Pytorch code for Frame-wise Action Representations for Long Videos via Sequence Contrastive Learning, CVPR2022.

Primary LanguagePythonMIT LicenseMIT

Frame-wise Action Representations for Long Videos via Sequence Contrastive Learning

Pytorch code for Frame-wise Action Representations for Long Videos via Sequence Contrastive Learning, CVPR2022.

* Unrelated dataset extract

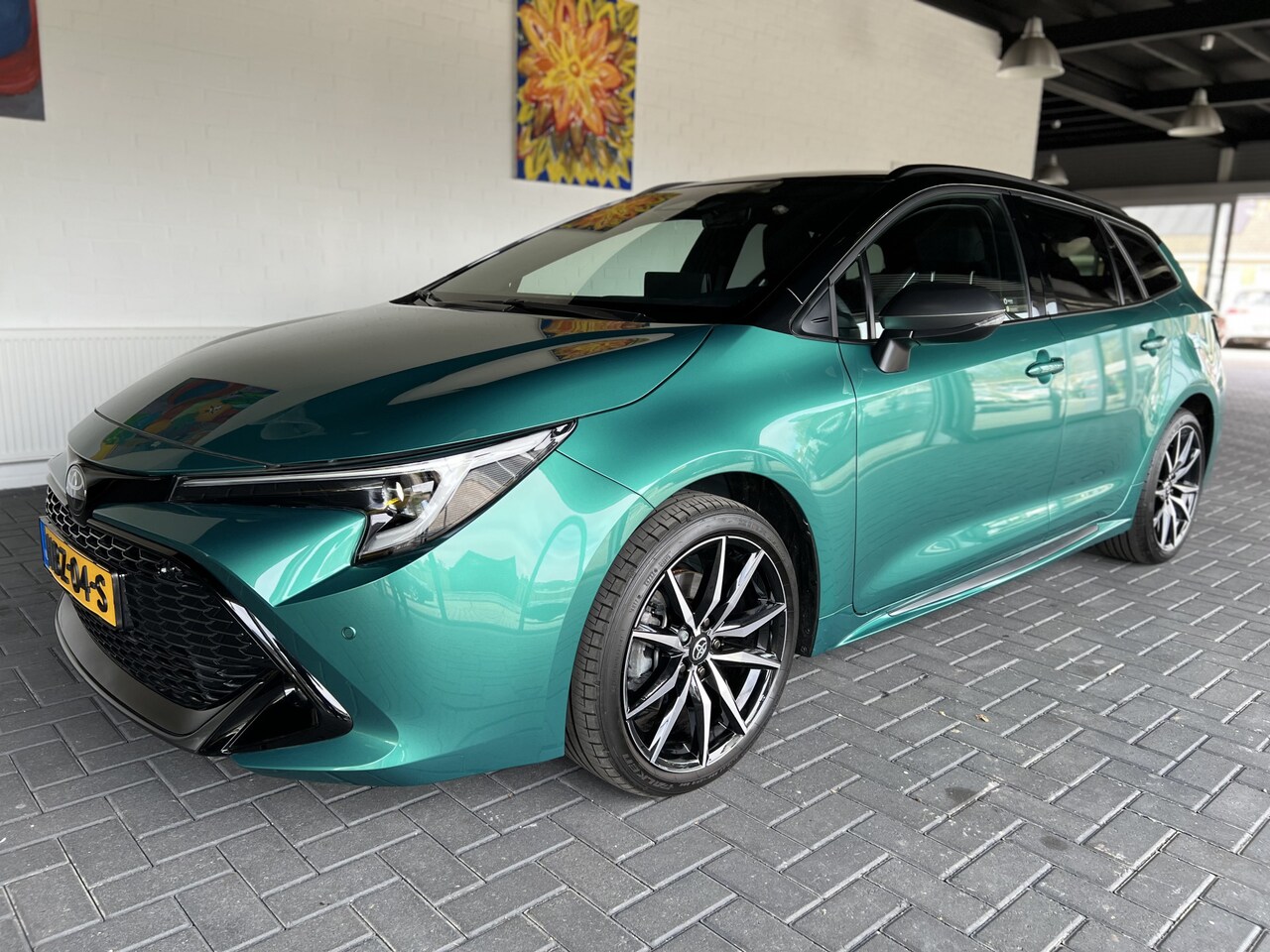 Toyota Corolla Touring Sports - Hybrid 200 GR Sport Plus / Apple Carplay / Stuurverwarming / Adaptive Cruise Control - AutoWereld.nl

# create conda env and install packages
conda create -y --name carl python=3.7.9

conda activate carl
# The code is tested on cuda10.1-cudnn7 and pytorch 1.6.0
conda install -y pytorch==1.6.0 torchvision==0.7.0 cudatoolkit=10.1 -c pytorch
conda install -y conda-build ipython pandas scipy pip av -c conda-forge

# install pip packages
pip install --upgrade pip
pip install -r requirements.txt

Preparing Data

Create a directory to store datasets:

mkdir /home/username/datasets

Download pre-processed datasets

  • Download the Pouring dataset at pouring
  • Download the PennAction dataset at penn_action
  • Download the FineGym dataset at finegym

BaiduCloud: https://pan.baidu.com/s/1Vu9Qkiei-O10tcdCJAwaHA password: 7rbo

(Due to my limited storage, the link for finegym on google drive is expired. Only BaiduCloud link is avaliable now.)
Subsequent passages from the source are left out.